### THE TASK
Lines before the one containing "this 1024×683 image." are to be skipped; reproduce that line and the rest of the records below exactly.

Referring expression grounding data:
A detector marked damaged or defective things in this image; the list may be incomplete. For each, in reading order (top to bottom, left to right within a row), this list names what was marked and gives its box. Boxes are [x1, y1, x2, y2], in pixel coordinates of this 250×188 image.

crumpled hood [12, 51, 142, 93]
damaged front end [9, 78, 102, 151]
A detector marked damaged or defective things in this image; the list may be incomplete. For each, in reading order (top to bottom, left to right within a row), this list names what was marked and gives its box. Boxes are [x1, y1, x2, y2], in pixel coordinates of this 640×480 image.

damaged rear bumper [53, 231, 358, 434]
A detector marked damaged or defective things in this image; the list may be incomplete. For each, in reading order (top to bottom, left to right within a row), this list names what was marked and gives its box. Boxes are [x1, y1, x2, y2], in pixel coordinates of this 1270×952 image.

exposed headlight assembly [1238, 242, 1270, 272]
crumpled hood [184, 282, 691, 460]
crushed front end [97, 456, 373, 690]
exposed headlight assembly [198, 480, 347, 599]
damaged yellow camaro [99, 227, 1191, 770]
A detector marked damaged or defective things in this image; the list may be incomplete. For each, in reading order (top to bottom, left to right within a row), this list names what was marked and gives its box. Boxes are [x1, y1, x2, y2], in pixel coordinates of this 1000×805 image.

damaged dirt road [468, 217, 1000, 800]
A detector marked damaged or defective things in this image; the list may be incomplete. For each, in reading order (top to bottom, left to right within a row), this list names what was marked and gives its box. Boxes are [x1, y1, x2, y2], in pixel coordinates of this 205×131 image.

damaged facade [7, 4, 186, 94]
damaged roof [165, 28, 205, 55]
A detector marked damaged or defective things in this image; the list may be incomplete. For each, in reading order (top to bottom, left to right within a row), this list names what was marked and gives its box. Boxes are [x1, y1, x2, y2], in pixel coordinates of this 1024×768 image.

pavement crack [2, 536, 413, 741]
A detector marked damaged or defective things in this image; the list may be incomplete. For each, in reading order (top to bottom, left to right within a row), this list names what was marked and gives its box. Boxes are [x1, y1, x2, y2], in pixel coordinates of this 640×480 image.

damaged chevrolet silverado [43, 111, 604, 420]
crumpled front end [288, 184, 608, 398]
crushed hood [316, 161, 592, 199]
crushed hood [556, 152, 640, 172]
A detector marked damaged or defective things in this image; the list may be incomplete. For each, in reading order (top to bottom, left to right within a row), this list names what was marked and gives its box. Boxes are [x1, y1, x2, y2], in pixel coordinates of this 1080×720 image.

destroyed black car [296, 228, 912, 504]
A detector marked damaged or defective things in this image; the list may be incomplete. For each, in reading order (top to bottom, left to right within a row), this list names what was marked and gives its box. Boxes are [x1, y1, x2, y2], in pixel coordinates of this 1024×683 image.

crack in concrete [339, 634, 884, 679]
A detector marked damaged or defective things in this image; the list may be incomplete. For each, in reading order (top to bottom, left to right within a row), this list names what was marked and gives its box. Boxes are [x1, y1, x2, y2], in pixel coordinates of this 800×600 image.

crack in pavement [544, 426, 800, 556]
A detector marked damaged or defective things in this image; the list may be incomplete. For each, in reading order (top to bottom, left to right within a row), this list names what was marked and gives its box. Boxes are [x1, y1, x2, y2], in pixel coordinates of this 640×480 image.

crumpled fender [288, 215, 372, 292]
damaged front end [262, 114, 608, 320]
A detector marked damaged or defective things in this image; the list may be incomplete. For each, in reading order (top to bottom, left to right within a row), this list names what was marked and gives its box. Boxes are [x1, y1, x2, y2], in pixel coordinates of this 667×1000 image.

### EXPECTED ANSWER
A detector marked damaged or defective things in this image; the list may be incomplete. For each, in reading order (top to bottom, left to right within a row), this list names what was marked and gives its box. Boxes are [x1, y1, x2, y2], in pixel coordinates of this 1024×683 image.

crack in concrete [339, 634, 884, 679]
A detector marked damaged or defective things in this image; the list may be incomplete. For each, in reading order (top to bottom, left to right within a row), this list names what was marked and gives its box. Boxes are [x1, y1, x2, y2], in pixel coordinates of this 800×600 image.

crack in pavement [544, 426, 800, 556]
A detector marked damaged or defective things in this image; the list may be incomplete. For each, in reading order (top to bottom, left to right within a row), this list names what was marked and gives its box. Boxes are [x1, y1, x2, y2], in pixel coordinates of this 640×480 image.

crumpled fender [288, 215, 372, 292]
damaged front end [262, 114, 608, 320]
A detector marked damaged or defective things in this image; the list may be incomplete. For each, in reading order (top to bottom, left to right within a row), this list names what was marked and gives its box. Boxes are [x1, y1, x2, y2], in pixel coordinates of this 667×1000 image.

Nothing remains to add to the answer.